Quattro colpi d’arma da fuoco sparati alle spalle di Zampaglione per una confidenza ai carabinieri sulla rapina a una gioielleria che sarebbe stata compiuta da Giuseppe Malaspina e Carmelo d’Amico. Per l’uccisione di Zampaglione, nel 1976, la Corte d’Assise e d’Appello di Milano condanna Giuseppe Malaspina a 14 anni e 1 mese di reclusione.
Nel 1981, dopo indulto e riduzione della pena, a Malaspina viene concessa la libertà condizionale. Prima di tornare libero il Tribunale di Sassari gli infligge 4 mesi di reclusione per resistenza a pubblico ufficiale e il 20 giugno dello stesso anno il Tribunale di Alessandria con sentenza irrevocabile lo condanna a 6 mesi per lesioni personali. Poi ha una nuova condanna per falso ideologico.
Nel 1987, insieme ai fratelli Antonio, Carlo e Santo, viene indagato per il sequestro di Massimo Oreste Villa, figlio di una nota azienda di Calcestruzzo, liberato in Aspromonte dopo il pagamento di 3 miliardi di euro. Mai venne provato il loro coinvolgimento con il rapimento, Grazie a quell’indagine però i carabinieri dimostrano i continui rapporti tra Giuseppe e Santo con gli uomini della cosca Iamonte che a Vimercate avevano un loro feudo.

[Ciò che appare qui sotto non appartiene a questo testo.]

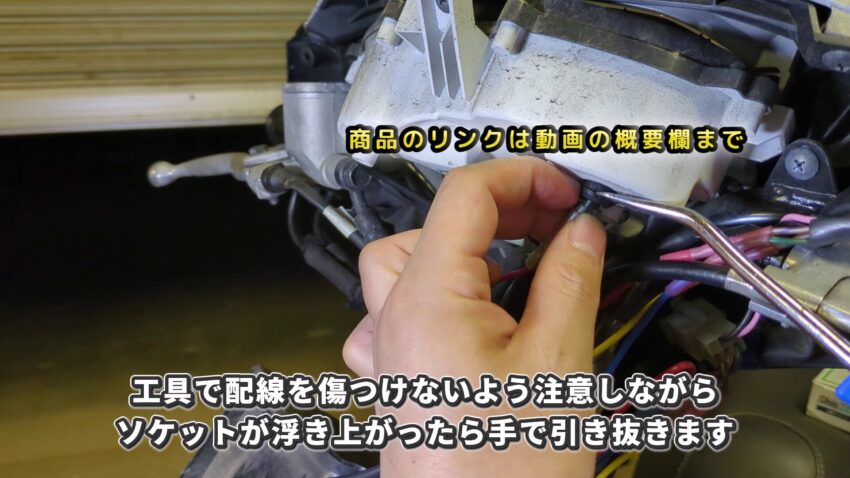 アクシスZのバルブソケットを内張り剥がしと手を使って外します。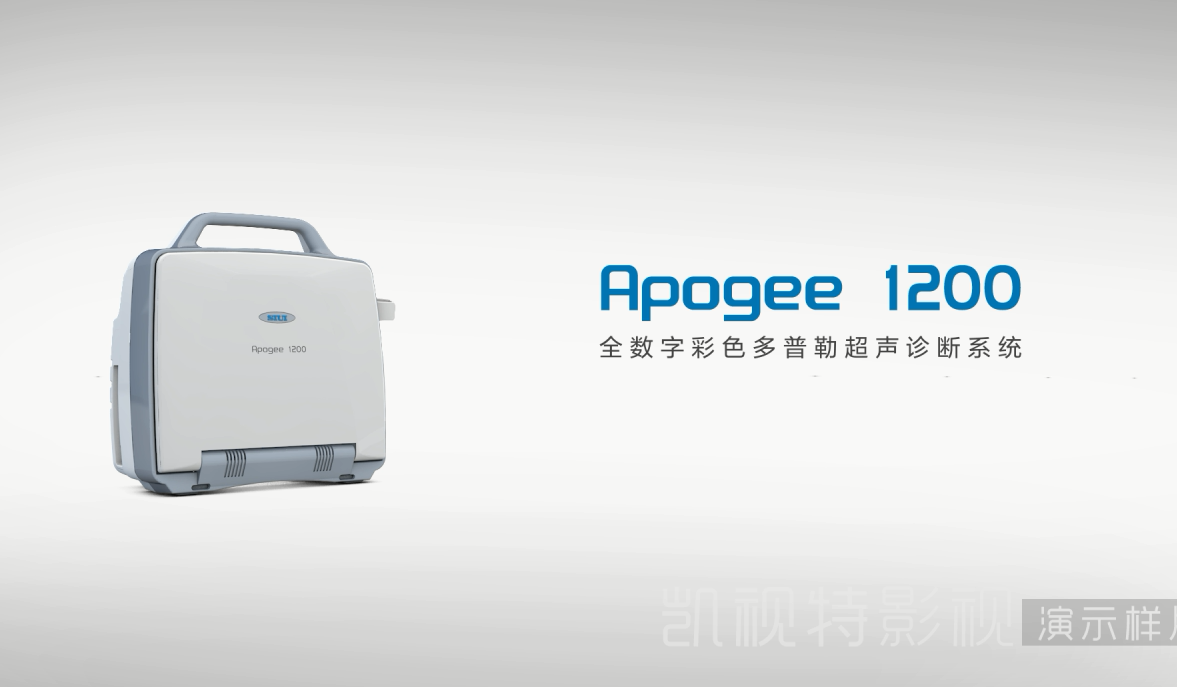 汕头超声仪Apogee 1200产品宣传片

Nel 2000 Santo Malaspina presenta un esposto contro Giuseppe per delle controversie nate al momento della liquidazione dall’impero economico che i fratelli avevano costruito. Fuggito in Albania, Santo fa delle dichiarazioni spontanee al consolato d’Italia a Valona.
Nella lettera che successivamente viene inviata a carabinieri, magistrati e Dda è scritto: «il fratello intendeva ucciderlo e a farlo avrebbero dovuto essere esponenti della criminalità albanese. Disporre di prove ed informazioni in ordine ad attività mafiose imputabili al fratello Giuseppe e d’essere pronto a collaborare con la Procura di Monza».
Tra la fine degli anni Ottanta e l’inizio del nuovo secolo nasce l’impero Malaspina. La Guardia di Finanza e la Dda iniziano a indagare su Giuseppe Malaspina partendo dalle società edili aperte tra il 1986 e il 2001: Della via Gramsci srl, Immobiliare Edil P. A. M. A, Sporting Club Brugherio, D’Adda Busca srl, Immobiliare Pisani, Oberdan Immobiliare, Immobiliare Milano srl, Edil Studio Casa Brianza srl, S. A. G. I. srl, Gimal e Silene. Altre se ne aggiungono dopo il 2001, fino ad arrivare a quota 38. In gran parte cancellate nel 2007.